The wildcard member access operator .* is used to
retrieve all the fields of a type. This operator is equivalent to
the XPath query child::* which returns all the child
nodes of the principal node type of the current node. For example,
the operation books.Book.* returns a stream container
of all the members of all the Book objects contained
within the Books class. This is equivalent to the XPath
query /Books/Book/* which returns all the child
elements of the Book elements contained within
the Books element.
Cω also supports transitive member access using
the ... operator which is analogous to the
descendent-or-self axis or ..
abbreviated path in XPath. The operation
books...title returns a stream containing
all title member fields that are contained within the
Books class or are member fields of any of its
contents in a recursive manner. This is equivalent to the XPath
query /Books//title which returns
all title elements that are descendants of
the Books element. The transitive member access
operator can also be used to match nodes restricted to a
particular type using syntax of the form
...typename::*. For example, the
operation books...string::* returns a stream
containing all the member fields of
type System.String that are contained within
the Books class or are member fields of any of its
contents in a recursive manner. This is analogous to the XPath 2.0
query
/Books//element(*, xs:string) which matches
any descendent of the Books element of
type xs:string.
Filter operations can be applied to the results of a transitive
member access in the same manner that predicates can be used to
filter XPath queries. Just as in XPath, a Cω filter is applied
to a query operation by using the [expression]

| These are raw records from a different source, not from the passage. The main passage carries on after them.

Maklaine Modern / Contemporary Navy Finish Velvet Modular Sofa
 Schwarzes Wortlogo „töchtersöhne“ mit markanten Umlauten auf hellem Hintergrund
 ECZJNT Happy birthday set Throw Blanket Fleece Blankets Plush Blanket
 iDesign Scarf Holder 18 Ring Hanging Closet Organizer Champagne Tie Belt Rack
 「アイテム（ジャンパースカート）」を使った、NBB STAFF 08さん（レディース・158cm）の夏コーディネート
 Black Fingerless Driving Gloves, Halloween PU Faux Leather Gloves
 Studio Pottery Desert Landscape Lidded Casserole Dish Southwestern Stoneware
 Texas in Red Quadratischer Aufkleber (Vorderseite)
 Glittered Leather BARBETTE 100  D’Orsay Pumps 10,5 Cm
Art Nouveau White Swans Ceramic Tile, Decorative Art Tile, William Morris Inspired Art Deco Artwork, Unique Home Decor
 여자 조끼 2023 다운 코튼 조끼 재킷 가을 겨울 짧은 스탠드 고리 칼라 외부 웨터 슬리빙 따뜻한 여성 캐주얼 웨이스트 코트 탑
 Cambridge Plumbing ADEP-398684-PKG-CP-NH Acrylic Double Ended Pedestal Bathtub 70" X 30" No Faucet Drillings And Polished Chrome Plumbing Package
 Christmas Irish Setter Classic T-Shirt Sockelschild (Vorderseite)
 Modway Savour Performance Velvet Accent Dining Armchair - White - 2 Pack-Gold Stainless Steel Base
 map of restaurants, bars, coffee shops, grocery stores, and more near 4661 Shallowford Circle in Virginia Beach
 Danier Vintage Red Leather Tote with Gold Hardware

operator placed after the query. As is the case with
apply-to-all-expressions, the filter may contain the special
variable it which is bound to each successive element
of the iterated stream. Below is an example, which queries all the
fields of type System.Int32 in an anonymous struct then
filters the results to those whose value is greater than 8.
struct {int a; int b; int c;} z = new {a=5, b=10, c= 15};
int* values = z...int::*[it > 8];
foreach(int i in values){
Console.WriteLine(i + " is greater than 8");
}
SQL-Based Operators
Cω includes a number of constructs from the SQL language as keywords. Operators for performing selection with projection, filtering, ordering, grouping, and joins are all built into Cω. The SQL operators can be applied to both in-memory objects and relational stores that can be accessed via ADO.NET. When applied to a relational database, the Cω query operators are converted to SQL queries over the underlying store. The primary advantage of using the SQL operators from the Cω language is that the query syntax and results can be checked at compile time instead of at runtime, as is the case with embedding SQL expressions in strings using traditional relational APIs.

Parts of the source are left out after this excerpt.